The Math.random() function used by the browser generates pseudo-random numbers, which are suitable for general purposes but are not suitable for cryptography applications. For higher security needs, modern browsers provide the getRandomValues() method in the Web Crypto API.

How to test the quality of random numbers?

The quality of random numbers can be evaluated through a variety of statistical tests, such as frequency tests, run tests, and entropy tests. Professional tools include NIST Random Number Test Suite and Diehard Testing.

Why do you need to set a random seed?

Random seeds are the initial value of the pseudo-random number generator, which determines the entire random sequence that is subsequently generated. Setting up fixed seeds can make random sequences reproducible, which is useful in scientific experiments and debugging.

Random number usage tips

Choose the right range

Set a suitable range of random numbers according to specific needs to avoid excessive or too small range affecting the use effect.

Precautions for safe application

For security-sensitive scenarios, use a cryptographically secure random number generator to avoid simple pseudo-random numbers.

Save important results

For important random results, save or export them in time to avoid data loss due to refreshing pages or clearing caches.

Analyze randomness

Use data visualization tools to analyze the random number distribution to ensure that the generated results meet the expected randomness requirements.

Random Number Knowledge Encyclopedia

What are pseudo-random numbers?

Pseudo-random numbers are seemingly random but actually predictable sequences of numbers generated by deterministic algorithms.
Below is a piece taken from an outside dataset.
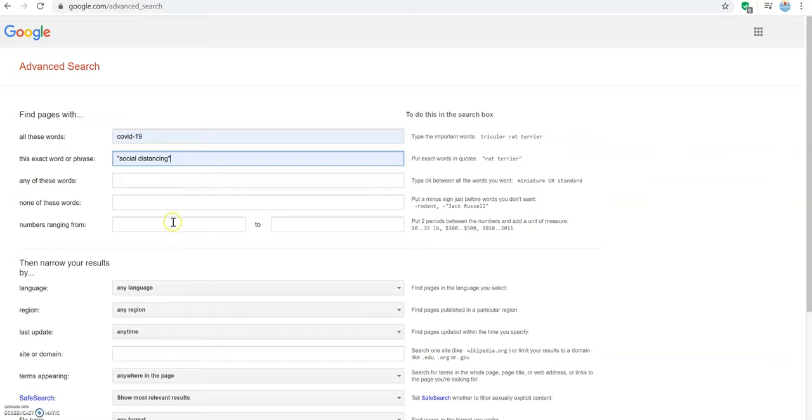One thing to note when using advanced Google search is that we want to be as clear as possible with our keywords. We want to avoid using full sentences, but rather use specific keywords like COVID-19, social distancing, coronavirus, etc.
Most "random numbers" in computers are actually pseudo-random numbers, which are based on an initial seed value and can generate sequences with good statistical characteristics.

Entropy of random numbers

Entropy is an important indicator for measuring stochasticity. High entropy values ​​indicate higher uncertainty and randomness. The true random number generator captures entropy from physical phenomena, while the pseudo-random number generator relies on algorithmic design to simulate high entropy characteristics.

Periodicity of random numbers

All pseudo-random number generators have a "cycle", after which the sequence will start to repeat. Good random number generators have very long periods, such as the Mason rotation algorithm (MT19937) has a period of 2^19937-1, which is huge enough to avoid duplication in practical applications.

Uniform distribution and non-uniform distribution

Basic random numbers are usually evenly distributed, with the probability of occurrence of each number equal. In some applications, non-uniformly distributed random numbers are needed, such as normal distribution (Gaussian distribution), exponential distribution, etc., which can be obtained from uniformly distributed random numbers through specific algorithms.